Q&A with Jonathan Woodley, candidate for House District 5


Party: Republican

Residence: Denver

Campaign website: jpwoodley.com

What makes you the best choice for this office?

We are living in a time where Denver is unstable. Currently, we have elected officials sitting back and letting our streets get destroyed. The small business owners are struggling to survive. People are no longer safe in their own neighborhoods. What I bring to the table is a mix of business experience, a military background and an education centered around community engagement and organizational development. There is a movement that is so far left, that even moderate Democrats are now considered right-wing. I believe in civil justice while my opponent believes in civil unrest, and there lies the contrast.

If you're elected, which one single issue will be at the top of your agenda?

In our current situation, personal safety and private property are the biggest issues that need to be addressed. This is work that can be accomplished by both government agencies and residents. Education starts at home and system reform starts at the highest levels of our state and local government. Unfortunately, we continue to see neither side willing to do what is necessary. We have been witness to the obvious decay in Denver for the last 15 years, yet voters continue to elect the same brand of candidate thinking things will change.

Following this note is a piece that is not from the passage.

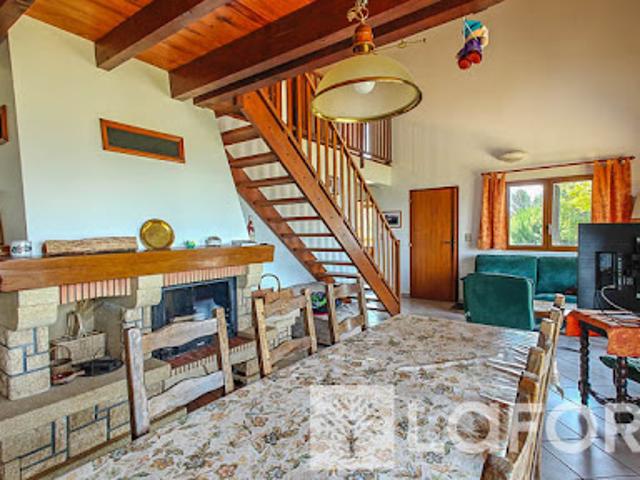 Vente Maison 5 pièces 159 m2 Embrun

What measure or measures will you push for in the new year to make strides toward economic recovery from the COVID-19 pandemic?

The only way to head towards economic recovery is to lift restrictions on businesses.  In Denver, primarily my district, we rely on restaurants, bars, tourism (specifically the convention center), sporting events and the preforming arts center. While I am not downgrading the seriousness of COVID for some, I do feel it is being politized. At the state and local level, elected officials are in plain sight, making the residents dependent of the government, and that is something I am strongly against. They claim, “we are in this together,” but the reality of it is, we aren’t. It has been different rules for different economic classes.